EditAnything / lora_layers_reference.md

Upload folder using huggingface_hub

775562c verified 1 day ago

8.42 kB

	# LoRA Layer Inventory — Edit Anything checkpoints

	Inventory of every tensor in two builds of the
	`edit_anything_reference_v0.1_r128` LoRA.
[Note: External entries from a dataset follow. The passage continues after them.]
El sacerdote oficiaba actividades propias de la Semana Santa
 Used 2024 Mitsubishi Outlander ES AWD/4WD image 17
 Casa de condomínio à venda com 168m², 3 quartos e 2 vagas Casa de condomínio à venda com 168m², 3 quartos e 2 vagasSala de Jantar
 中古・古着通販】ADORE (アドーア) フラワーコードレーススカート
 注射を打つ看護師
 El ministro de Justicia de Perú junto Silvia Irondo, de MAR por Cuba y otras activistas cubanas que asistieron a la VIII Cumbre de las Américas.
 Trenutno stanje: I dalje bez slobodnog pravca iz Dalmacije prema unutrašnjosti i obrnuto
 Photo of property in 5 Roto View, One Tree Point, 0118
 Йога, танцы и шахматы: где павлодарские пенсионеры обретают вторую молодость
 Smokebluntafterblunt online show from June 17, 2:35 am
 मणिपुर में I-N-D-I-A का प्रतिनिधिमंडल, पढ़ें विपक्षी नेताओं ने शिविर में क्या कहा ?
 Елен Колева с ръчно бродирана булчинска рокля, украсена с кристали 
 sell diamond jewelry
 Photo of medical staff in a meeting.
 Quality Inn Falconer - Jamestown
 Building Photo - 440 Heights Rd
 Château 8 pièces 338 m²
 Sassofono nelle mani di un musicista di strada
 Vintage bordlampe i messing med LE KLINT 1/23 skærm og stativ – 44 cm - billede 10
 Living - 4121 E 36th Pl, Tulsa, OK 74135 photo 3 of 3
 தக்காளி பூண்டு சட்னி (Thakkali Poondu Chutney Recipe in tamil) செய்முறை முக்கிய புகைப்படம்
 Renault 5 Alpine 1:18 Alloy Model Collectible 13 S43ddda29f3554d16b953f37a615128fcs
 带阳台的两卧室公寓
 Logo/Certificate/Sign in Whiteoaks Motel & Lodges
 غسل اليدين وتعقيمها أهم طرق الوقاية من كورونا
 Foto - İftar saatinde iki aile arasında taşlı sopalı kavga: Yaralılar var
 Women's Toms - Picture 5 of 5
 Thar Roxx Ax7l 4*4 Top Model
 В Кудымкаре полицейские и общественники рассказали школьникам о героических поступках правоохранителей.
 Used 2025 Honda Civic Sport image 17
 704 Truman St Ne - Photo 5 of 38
	Both builds share the same canonical basename
	(`edit_anything_reference_v0.1_r128`) and are distinguished by the **extras
	suffix** that `scripts/split_editanything_lora.py` appends to the output
	filenames:

	- `edit_anything_reference_v0.1_r128_ref_adaln_proj-role_embedding.{standard,module}.safetensors`
	— the original build. Only ships `ref_adaln_proj` + `role_embedding`.
	- `edit_anything_reference_v0.1_r128_ref_adaln_proj-role_embedding-ref_attn-ref_visual_proj.{standard,module}.safetensors`
	— the continuation, fine-tuned with the
	`video_to_video_ref_visual_adaln` strategy. Adds the `ref_attn` LoRA
	branch and the `ref_visual_proj` projector on top of the original
	extras.

	In the rest of this doc the two are referred to by their suffix only:
	- `ref_adaln_proj-role_embedding`
	- `ref_adaln_proj-role_embedding-ref_attn-ref_visual_proj`

	Rank is 128 in both (encoded in the LoRA tensor shapes; no `alpha` keys saved).
	Dtype is `bfloat16` throughout. All LoRA modules cover 48 transformer blocks.

	---

	## 1. Summary

	\| \| `ref_adaln_proj-role_embedding` \| `ref_adaln_proj-role_embedding-ref_attn-ref_visual_proj` \|
	\|---\|---\|---\|
	\| Total tensors \| 965 \| 1356 \|
	\| LoRA-target modules \| 10 \| 14 \|
	\| LoRA tensors (A+B) \| 960 \| 1344 \|
	\| Extra (non-LoRA) tensors \| 5 \| 12 \|
	\| `ref_attn` LoRA branch \| ❌ absent \| ✅ trained on 48 blocks \|
	\| `ref_visual_proj` (visual cross-attn projector) \| ❌ absent \| ✅ present (7 tensors) \|
	\| `ref_adaln_proj` (global appearance AdaLN) \| ✅ (fc1 input dim 256) \| ✅ (fc1 input dim 768) \|
	\| `role_embedding` \| ✅ shape (1, 128) \| ✅ shape (1, 128) \|

	---

	## 2. LoRA adapters

	Each row = one target module type. Each entry = (`lora_A.weight`, `lora_B.weight`)
	duplicated across the 48 blocks of `diffusion_model.transformer_blocks.*`.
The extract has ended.